▸ Exercise prompt:
Pick out every line in the data below that holds "same".

─── Information ───

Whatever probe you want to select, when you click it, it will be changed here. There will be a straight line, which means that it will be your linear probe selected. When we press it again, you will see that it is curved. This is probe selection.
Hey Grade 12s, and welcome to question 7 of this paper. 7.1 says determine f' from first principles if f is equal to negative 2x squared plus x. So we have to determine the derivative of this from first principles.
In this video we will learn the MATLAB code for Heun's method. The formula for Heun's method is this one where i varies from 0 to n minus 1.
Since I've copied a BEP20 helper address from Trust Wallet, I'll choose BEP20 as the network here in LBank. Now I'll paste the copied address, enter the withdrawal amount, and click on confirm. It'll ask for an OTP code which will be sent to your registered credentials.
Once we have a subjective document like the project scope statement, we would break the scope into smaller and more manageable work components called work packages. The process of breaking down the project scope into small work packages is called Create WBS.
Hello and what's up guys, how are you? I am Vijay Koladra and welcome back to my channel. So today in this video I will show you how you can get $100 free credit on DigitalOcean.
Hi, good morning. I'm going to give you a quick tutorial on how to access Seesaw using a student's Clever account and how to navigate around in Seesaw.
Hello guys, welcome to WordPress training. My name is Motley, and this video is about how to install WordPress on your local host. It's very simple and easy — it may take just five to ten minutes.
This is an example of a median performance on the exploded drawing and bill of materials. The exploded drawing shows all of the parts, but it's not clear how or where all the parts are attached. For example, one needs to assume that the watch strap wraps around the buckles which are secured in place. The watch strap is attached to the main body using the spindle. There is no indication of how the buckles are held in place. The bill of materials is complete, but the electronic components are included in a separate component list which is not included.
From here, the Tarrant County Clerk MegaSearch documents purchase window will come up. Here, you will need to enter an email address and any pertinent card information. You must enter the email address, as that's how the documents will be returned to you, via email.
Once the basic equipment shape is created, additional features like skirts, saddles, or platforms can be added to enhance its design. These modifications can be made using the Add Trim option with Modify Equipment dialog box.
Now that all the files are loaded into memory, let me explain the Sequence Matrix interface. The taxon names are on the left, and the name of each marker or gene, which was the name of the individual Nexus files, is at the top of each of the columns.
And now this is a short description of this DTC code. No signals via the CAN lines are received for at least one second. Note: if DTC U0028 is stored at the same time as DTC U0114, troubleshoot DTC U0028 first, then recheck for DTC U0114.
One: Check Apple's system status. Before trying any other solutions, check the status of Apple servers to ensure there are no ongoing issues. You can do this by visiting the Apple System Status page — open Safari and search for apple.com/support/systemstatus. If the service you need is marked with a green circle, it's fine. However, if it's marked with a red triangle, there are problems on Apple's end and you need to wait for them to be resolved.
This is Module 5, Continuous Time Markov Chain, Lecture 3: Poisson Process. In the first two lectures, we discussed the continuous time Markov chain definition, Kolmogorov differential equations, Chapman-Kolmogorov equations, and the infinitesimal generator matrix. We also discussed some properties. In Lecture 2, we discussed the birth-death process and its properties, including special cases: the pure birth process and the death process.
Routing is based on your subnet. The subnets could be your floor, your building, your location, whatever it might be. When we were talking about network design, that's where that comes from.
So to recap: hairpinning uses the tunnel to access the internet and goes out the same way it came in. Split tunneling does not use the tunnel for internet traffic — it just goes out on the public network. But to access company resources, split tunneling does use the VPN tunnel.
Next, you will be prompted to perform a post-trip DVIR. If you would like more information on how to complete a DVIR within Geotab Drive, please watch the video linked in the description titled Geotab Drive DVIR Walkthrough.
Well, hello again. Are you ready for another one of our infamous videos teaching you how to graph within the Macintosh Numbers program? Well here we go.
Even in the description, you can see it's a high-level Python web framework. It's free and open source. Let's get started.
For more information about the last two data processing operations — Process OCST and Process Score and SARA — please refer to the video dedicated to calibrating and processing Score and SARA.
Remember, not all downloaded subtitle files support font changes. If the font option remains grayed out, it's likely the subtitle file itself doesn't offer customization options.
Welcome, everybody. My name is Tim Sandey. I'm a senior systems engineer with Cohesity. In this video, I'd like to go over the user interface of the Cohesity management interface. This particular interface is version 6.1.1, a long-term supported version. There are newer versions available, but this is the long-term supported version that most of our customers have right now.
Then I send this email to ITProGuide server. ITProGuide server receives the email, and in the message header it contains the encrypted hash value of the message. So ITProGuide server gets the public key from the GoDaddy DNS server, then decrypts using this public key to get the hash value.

───

▸ Finished task:
And now this is a short description of this DTC code. No signals via the CAN lines are received for at least one second. Note: if DTC U0028 is stored at the same time as DTC U0114, troubleshoot DTC U0028 first, then recheck for DTC U0114.
So to recap: hairpinning uses the tunnel to access the internet and goes out the same way it came in. Split tunneling does not use the tunnel for internet traffic — it just goes out on the public network. But to access company resources, split tunneling does use the VPN tunnel.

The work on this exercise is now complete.